- _WHAT TO WORK ON_: Transcribe all records below exactly, without images.

- _Image-caption web data_:
BEGIN

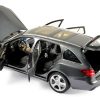 Mercedes-Benz Classe C Break 2014 Gris métallisé 1/18 – Image 2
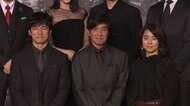 浩市 & ゆり子 & 秀俊 & 倫也 名優たち クリスマスの思い出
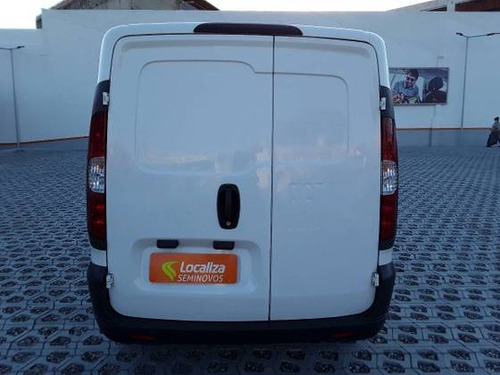 Imagem 3 de 10 de Fiat Fiorino 1.4 Mpi Furgão Hard Working 8v Flex 2p Manual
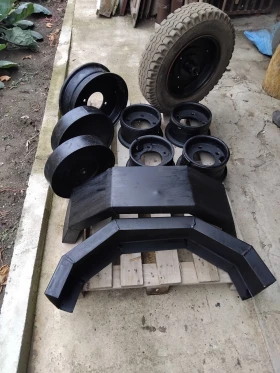 Джанти за Fiat Punto, снимка 4 - Гуми и джанти - 52385642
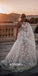 Gorgeous Applique Spaghetti Strap Dreaming Wedding Dress WDH052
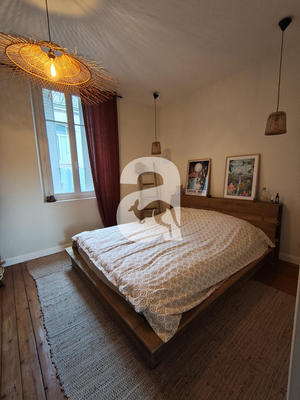 Maison ancienne - 103 m² - 5 pièces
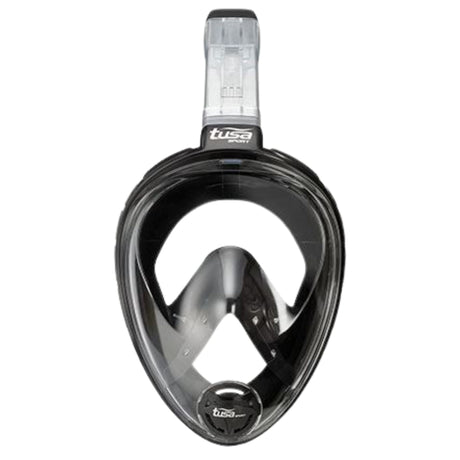 TUSA Full Face Mask and Long Fins Snorkel Set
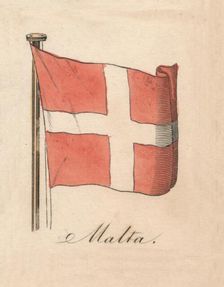 Malta 1838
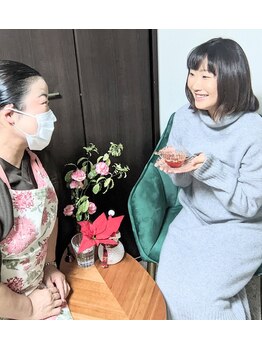 ブレッシングス(BLESSINGS)/施術後は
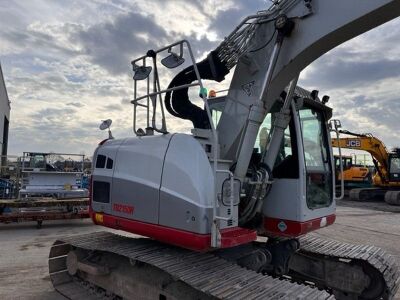 2018 Takeuchi TB2150 Excavator - 4
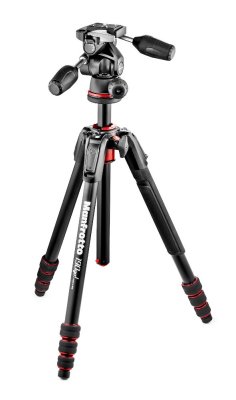  Manfrotto MK190GOA4TB-3W 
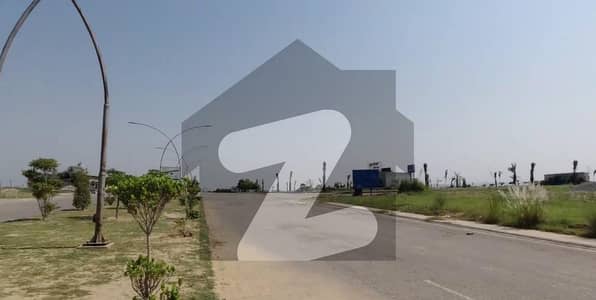 Reserve A Centrally Located Residential Plot In Ministry of Commerce Society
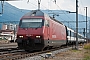 SLM 5408 - SBB "460 005-2"
06.06.2013 - Giubiasco
Roger Morris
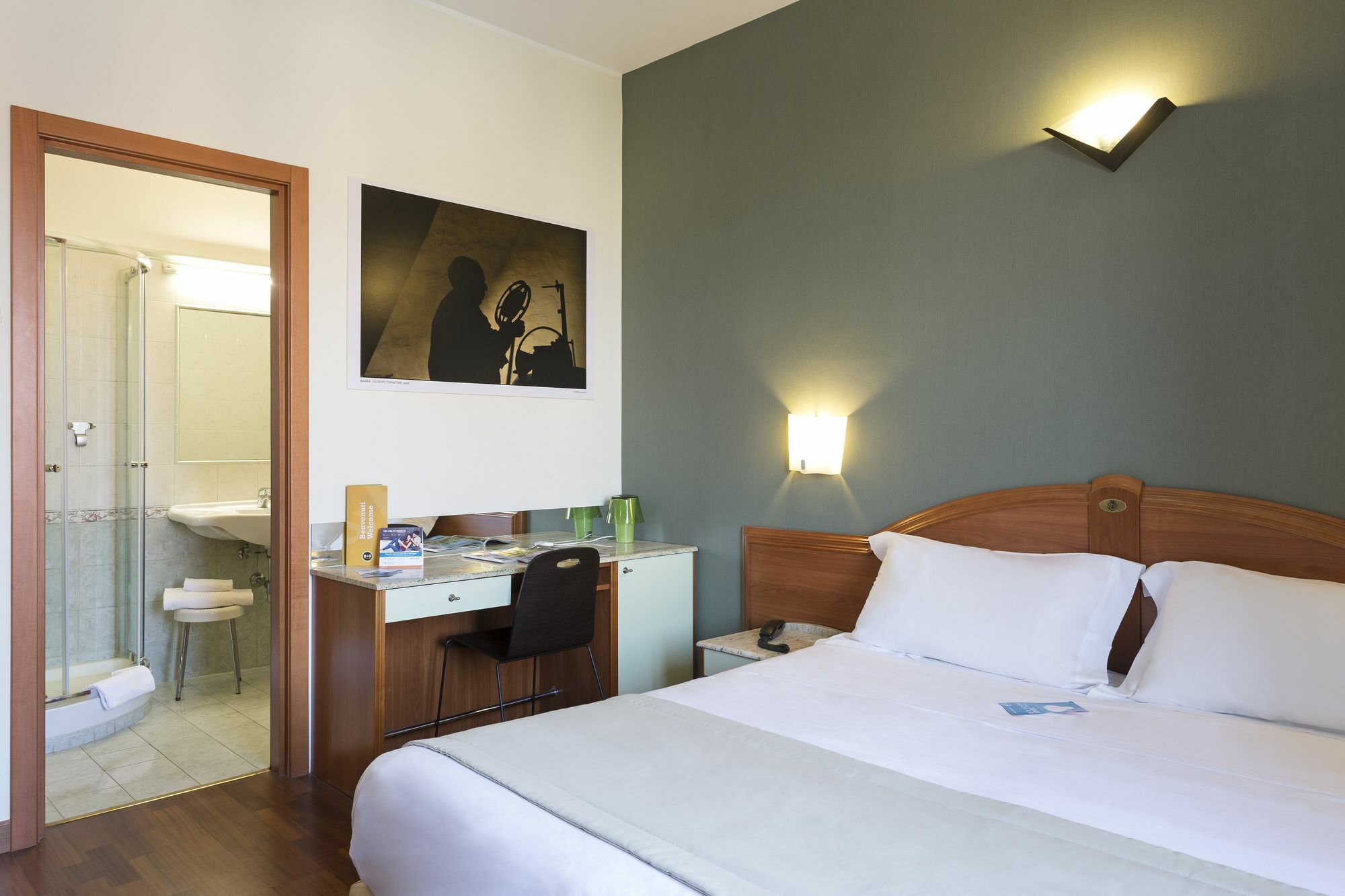 B&B Hotel Pescara Esterno foto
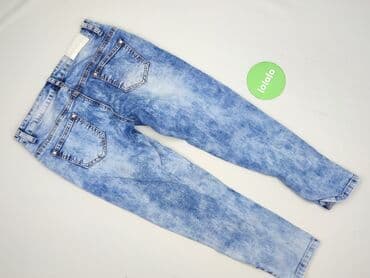 jeans trafaluc: Denim, Jeansy damskie, rozmiar S — 3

END

- _EXERCISE ANSWER_:
 Mercedes-Benz Classe C Break 2014 Gris métallisé 1/18 – Image 2
 浩市 & ゆり子 & 秀俊 & 倫也 名優たち クリスマスの思い出
 Imagem 3 de 10 de Fiat Fiorino 1.4 Mpi Furgão Hard Working 8v Flex 2p Manual
 Джанти за Fiat Punto, снимка 4 - Гуми и джанти - 52385642
 Gorgeous Applique Spaghetti Strap Dreaming Wedding Dress WDH052
 Maison ancienne - 103 m² - 5 pièces
 TUSA Full Face Mask and Long Fins Snorkel Set
 Malta 1838
 ブレッシングス(BLESSINGS)/施術後は
 2018 Takeuchi TB2150 Excavator - 4
  Manfrotto MK190GOA4TB-3W 
 Reserve A Centrally Located Residential Plot In Ministry of Commerce Society
 SLM 5408 - SBB "460 005-2"
06.06.2013 - Giubiasco
Roger Morris
 B&B Hotel Pescara Esterno foto
 jeans trafaluc: Denim, Jeansy damskie, rozmiar S — 3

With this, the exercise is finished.